Qu’il s’agisse de méthadone, de codéine, de morphine ou d’héroïne, les produits opiacés s’introduisent dans un double système : le système régi par la prohibition pour ce qui est des drogues et le système de santé pour ce qui est des médicaments. Au cours de l’histoire récente des drogues, les opiacés ont tous connu des aventures diverses et nous avons maintenant une longue expérience des prescriptions médicalisées de tous ces produits, héroïne et morphine comprises!. Notre expérience est plus modeste pour ce qui est de l’accès non médicalisé, interdit par les conventions internationales, mais au-delà de quelques expériences de contrôle du trafic, expériences actuellement en cours autour des salles d’injection en Allemagne, en Suisse et aux Pays-Bas, quelques opiacés ont parfois été en vente libre.

Un choix politique : la codéine en vente libre

C’est le cas de la codéine en France, médicament qui exige une prescription médicale dans les autres pays européens et qui, en Allemagne, peut être prescrit comme traitement de substitution.
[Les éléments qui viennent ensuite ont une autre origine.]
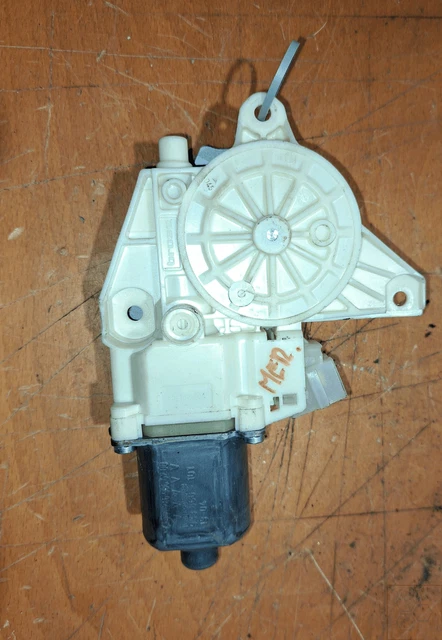 Moteur D'Essuie-glace Avant Pour Mercedes Classe B W242/W246 - Réf. A2468200040 - Compatible 2011-2018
Comment évaluer ce choix politique ? – car il s’agit bien d’un choix que l’administration de la santé, alliée aux spécialistes, impose subrepticement à la classe politique. Georgina Dufoix a bien tenté d’interdire le produit, mais les spécialistes français en ont maintenu la vente libre, en cohérence avec leur refus des traitements de substitution. Le produit devait jouer le rôle de sortie de secours pour soulager le manque à défaut d’héroïne et cette fonction ne devait pas être confondue avec un traitement de la toxicomanie. La vente libre de codéine était justifiée par la relativement faible nocivité du produit. La codéine ne peut s’injecter, elle ne donne pas de flash, et les spécialistes ont pris soin d’en réduire le dosage, pensant ainsi réduire les risques de dépendance. Il semble qu’ils aient surtout galvaudé la crédibilité de ce médicament bon marché. Presque tous les héroïnomanes français l’ont utilisé mais, paradoxalement, la codéine a difficilement rempli l’objectif qui lui était assigné. Elle était trop faiblement dosée pour soulager une crise de manque aiguë.